● Exercise description
Starting with the line that contains "Мийка кухонна з" and stopping after the line that contains "VTG Clip On", copy the entries below exactly. Include nothing else.

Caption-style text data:
================

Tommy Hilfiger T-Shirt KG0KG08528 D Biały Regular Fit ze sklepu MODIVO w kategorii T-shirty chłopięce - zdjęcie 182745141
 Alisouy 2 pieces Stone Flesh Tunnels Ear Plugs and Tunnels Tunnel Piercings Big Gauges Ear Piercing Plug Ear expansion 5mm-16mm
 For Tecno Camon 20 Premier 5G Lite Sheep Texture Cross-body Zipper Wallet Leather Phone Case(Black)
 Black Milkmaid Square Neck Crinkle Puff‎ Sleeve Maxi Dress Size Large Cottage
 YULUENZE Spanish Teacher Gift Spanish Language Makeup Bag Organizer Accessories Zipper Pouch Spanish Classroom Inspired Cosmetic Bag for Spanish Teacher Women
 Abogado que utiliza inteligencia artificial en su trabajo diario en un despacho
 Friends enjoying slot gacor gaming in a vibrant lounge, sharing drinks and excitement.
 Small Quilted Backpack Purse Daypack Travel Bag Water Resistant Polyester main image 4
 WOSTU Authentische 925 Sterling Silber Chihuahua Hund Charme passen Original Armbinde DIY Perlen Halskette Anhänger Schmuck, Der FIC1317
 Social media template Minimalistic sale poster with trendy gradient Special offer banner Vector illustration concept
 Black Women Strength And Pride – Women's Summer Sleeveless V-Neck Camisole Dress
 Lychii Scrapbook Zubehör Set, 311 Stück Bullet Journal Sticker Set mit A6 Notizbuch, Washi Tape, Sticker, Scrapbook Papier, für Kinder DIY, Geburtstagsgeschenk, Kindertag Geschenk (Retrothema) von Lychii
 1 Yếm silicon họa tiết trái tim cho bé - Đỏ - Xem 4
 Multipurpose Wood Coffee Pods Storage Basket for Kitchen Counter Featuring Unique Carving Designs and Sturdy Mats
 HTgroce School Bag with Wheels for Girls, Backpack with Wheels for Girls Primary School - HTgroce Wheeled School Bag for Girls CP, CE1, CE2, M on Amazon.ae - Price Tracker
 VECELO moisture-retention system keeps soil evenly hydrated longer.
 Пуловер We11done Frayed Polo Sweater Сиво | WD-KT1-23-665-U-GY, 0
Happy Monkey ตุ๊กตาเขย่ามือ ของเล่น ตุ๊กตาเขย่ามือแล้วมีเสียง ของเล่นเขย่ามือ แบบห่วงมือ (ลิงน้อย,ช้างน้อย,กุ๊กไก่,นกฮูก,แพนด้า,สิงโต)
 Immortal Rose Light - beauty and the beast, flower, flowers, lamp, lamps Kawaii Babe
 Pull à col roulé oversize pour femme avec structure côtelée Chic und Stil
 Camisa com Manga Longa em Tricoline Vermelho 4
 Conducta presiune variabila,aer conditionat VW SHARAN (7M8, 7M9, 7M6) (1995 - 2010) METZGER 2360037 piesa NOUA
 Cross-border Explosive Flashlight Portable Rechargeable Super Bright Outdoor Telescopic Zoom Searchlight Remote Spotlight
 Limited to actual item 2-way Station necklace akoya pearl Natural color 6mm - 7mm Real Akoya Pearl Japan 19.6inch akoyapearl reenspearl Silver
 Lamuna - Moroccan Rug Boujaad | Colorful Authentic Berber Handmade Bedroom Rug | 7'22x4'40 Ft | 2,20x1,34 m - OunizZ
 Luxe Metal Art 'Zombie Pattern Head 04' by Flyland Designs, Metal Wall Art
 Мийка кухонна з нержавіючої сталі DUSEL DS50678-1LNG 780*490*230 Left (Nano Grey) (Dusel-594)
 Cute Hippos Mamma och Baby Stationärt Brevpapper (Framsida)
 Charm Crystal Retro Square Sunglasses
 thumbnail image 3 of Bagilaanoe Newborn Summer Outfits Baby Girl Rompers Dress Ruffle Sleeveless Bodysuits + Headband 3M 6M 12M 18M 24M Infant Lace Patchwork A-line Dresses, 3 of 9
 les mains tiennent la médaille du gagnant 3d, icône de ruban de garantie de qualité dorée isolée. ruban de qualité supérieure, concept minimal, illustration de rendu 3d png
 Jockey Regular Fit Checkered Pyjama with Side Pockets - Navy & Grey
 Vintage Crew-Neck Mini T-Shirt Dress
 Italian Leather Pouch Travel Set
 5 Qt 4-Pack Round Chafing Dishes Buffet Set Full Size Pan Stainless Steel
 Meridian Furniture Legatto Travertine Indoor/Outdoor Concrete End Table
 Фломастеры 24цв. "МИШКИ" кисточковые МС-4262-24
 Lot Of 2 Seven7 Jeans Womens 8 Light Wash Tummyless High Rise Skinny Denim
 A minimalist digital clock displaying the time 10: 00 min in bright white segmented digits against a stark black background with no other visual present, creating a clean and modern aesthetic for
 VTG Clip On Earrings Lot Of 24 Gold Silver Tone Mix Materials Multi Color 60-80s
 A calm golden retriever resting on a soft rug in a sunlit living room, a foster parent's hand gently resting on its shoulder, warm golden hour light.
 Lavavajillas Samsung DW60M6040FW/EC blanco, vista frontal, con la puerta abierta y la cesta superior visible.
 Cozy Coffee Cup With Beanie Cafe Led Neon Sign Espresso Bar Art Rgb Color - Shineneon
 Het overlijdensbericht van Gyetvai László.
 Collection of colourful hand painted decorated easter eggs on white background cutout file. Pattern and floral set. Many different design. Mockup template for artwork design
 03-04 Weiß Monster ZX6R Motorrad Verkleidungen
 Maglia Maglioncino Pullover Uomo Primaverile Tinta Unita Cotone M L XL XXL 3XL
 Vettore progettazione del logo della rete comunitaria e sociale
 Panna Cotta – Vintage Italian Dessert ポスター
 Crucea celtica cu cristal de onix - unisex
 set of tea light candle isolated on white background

================

● Output of the exercise
 Мийка кухонна з нержавіючої сталі DUSEL DS50678-1LNG 780*490*230 Left (Nano Grey) (Dusel-594)
 Cute Hippos Mamma och Baby Stationärt Brevpapper (Framsida)
 Charm Crystal Retro Square Sunglasses
 thumbnail image 3 of Bagilaanoe Newborn Summer Outfits Baby Girl Rompers Dress Ruffle Sleeveless Bodysuits + Headband 3M 6M 12M 18M 24M Infant Lace Patchwork A-line Dresses, 3 of 9
 les mains tiennent la médaille du gagnant 3d, icône de ruban de garantie de qualité dorée isolée. ruban de qualité supérieure, concept minimal, illustration de rendu 3d png
 Jockey Regular Fit Checkered Pyjama with Side Pockets - Navy & Grey
 Vintage Crew-Neck Mini T-Shirt Dress
 Italian Leather Pouch Travel Set
 5 Qt 4-Pack Round Chafing Dishes Buffet Set Full Size Pan Stainless Steel
 Meridian Furniture Legatto Travertine Indoor/Outdoor Concrete End Table
 Фломастеры 24цв. "МИШКИ" кисточковые МС-4262-24
 Lot Of 2 Seven7 Jeans Womens 8 Light Wash Tummyless High Rise Skinny Denim
 A minimalist digital clock displaying the time 10: 00 min in bright white segmented digits against a stark black background with no other visual present, creating a clean and modern aesthetic for
 VTG Clip On Earrings Lot Of 24 Gold Silver Tone Mix Materials Multi Color 60-80s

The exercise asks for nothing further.